Objective: To evaluate the effect of preoperative carbohydrate drinks compared with standard fasting on postoperative insulin resistance, complication rates, and hospital stay among patients undergoing elective colorectal surgery.
Methods: This randomized controlled trial included 120 adults scheduled for elective colorectal surgery. Participants were allocated equally into a carbohydrate-loading group and a standard fasting group. The intervention group received a standardized carbohydrate drink the evening before surgery and two hours before anesthesia. Postoperative insulin resistance was measured using the HOMA-IR index within 24 hours. Complications were recorded throughout hospitalization, and length of stay was measured from surgery to discharge. Data were analyzed using t-tests for continuous variables and chi-square tests for categorical variables.

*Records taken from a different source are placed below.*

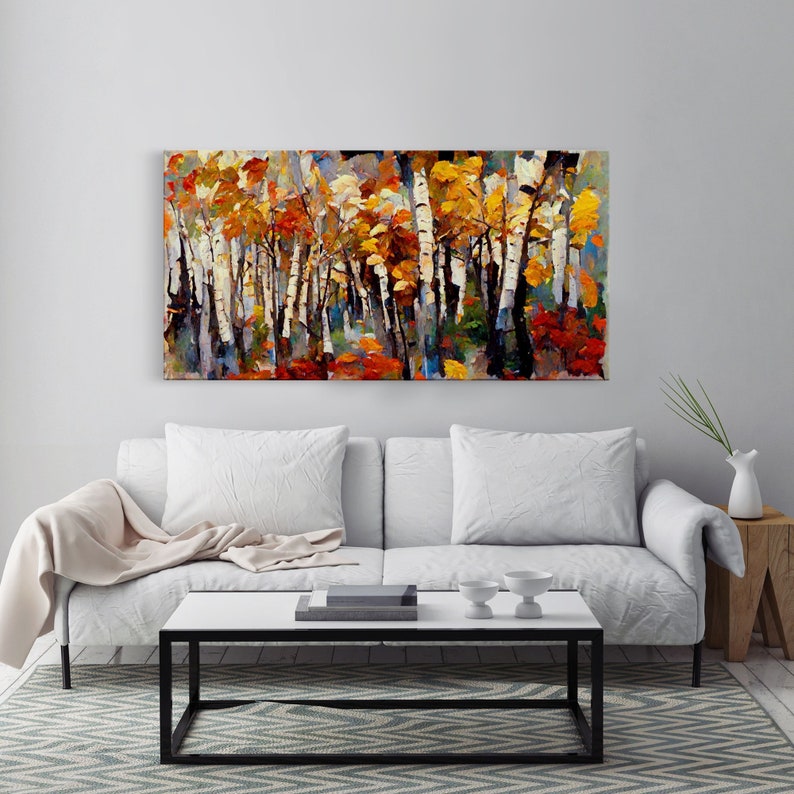 Large Birch Trees Canvas Print Boho Wall Decor Autumn Birch - Etsy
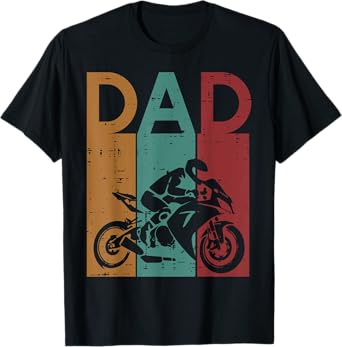 Fathers Day Biker Dad Motorcycle Retro Daddy Papa Sport Bike T-Shirt
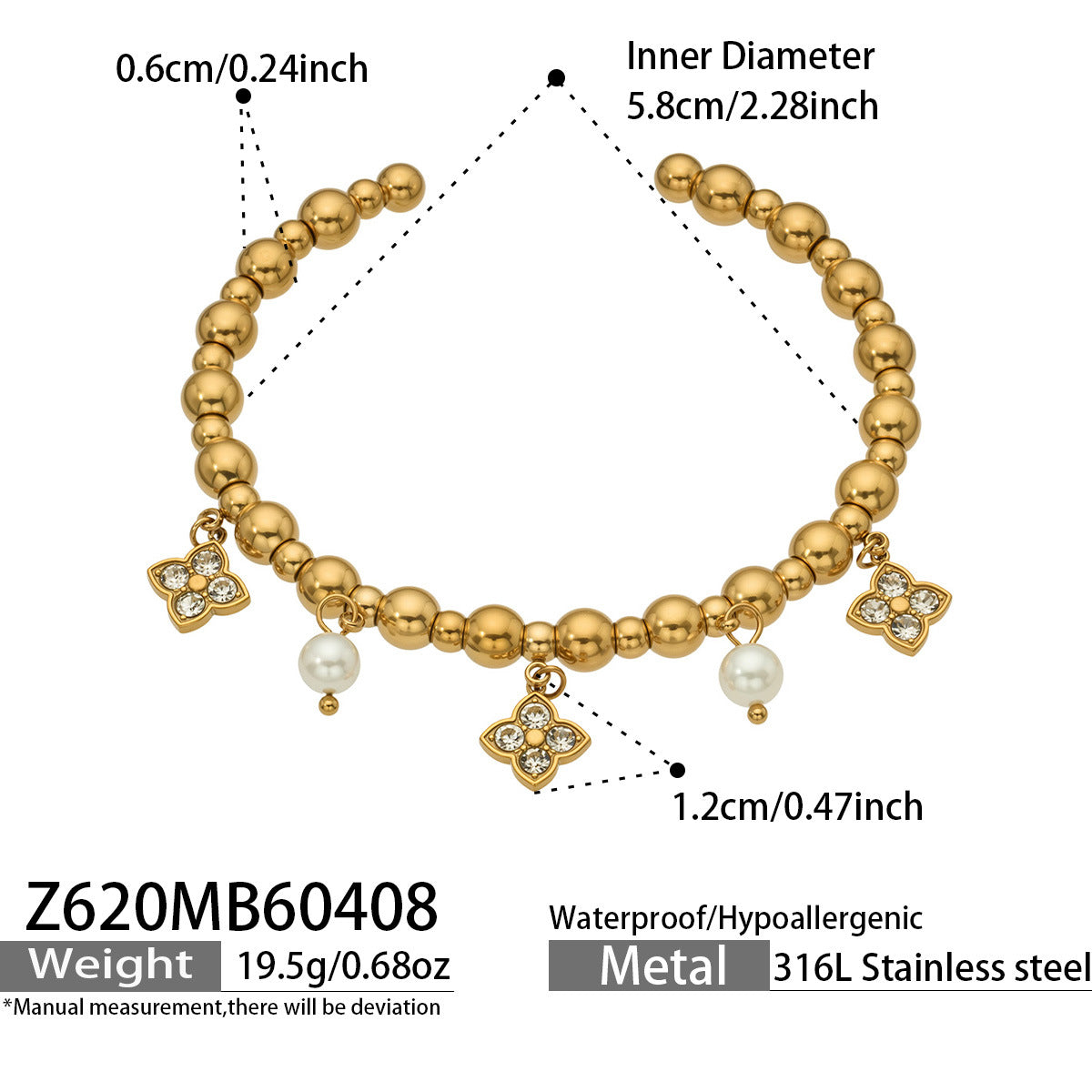 316L Stainless Steel 18K Gold PVD 5A Zircon Pig Nose Link Bangle - Gold Pig Nose Bangle, Zircon Embellished, Delicate Link, Light Luxury Wholesale Stainless Steel Jewelry - Sensitive Skin Friendly - Detail 1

Results: The carbohydrate-loading group demonstrated lower postoperative insulin resistance (mean HOMA-IR 2.1 ± 0.5) than the control group (3.0 ± 0.6). Complications were recorded in 18.3% of participants receiving carbohydrate drinks and 35.0% of those in the standard fasting group. Mean hospital stay was shorter in the carbohydrate group (5.4 ± 1.2 days) compared with controls (7.1 ± 1.5 days). All primary and secondary outcomes showed consistently favorable trends in the intervention group.
Conclusion: Preoperative carbohydrate loading improved metabolic response and postoperative outcomes in elective colorectal surgery. Its simplicity, affordability, and clinical effectiveness support incorporation into perioperative care pathways.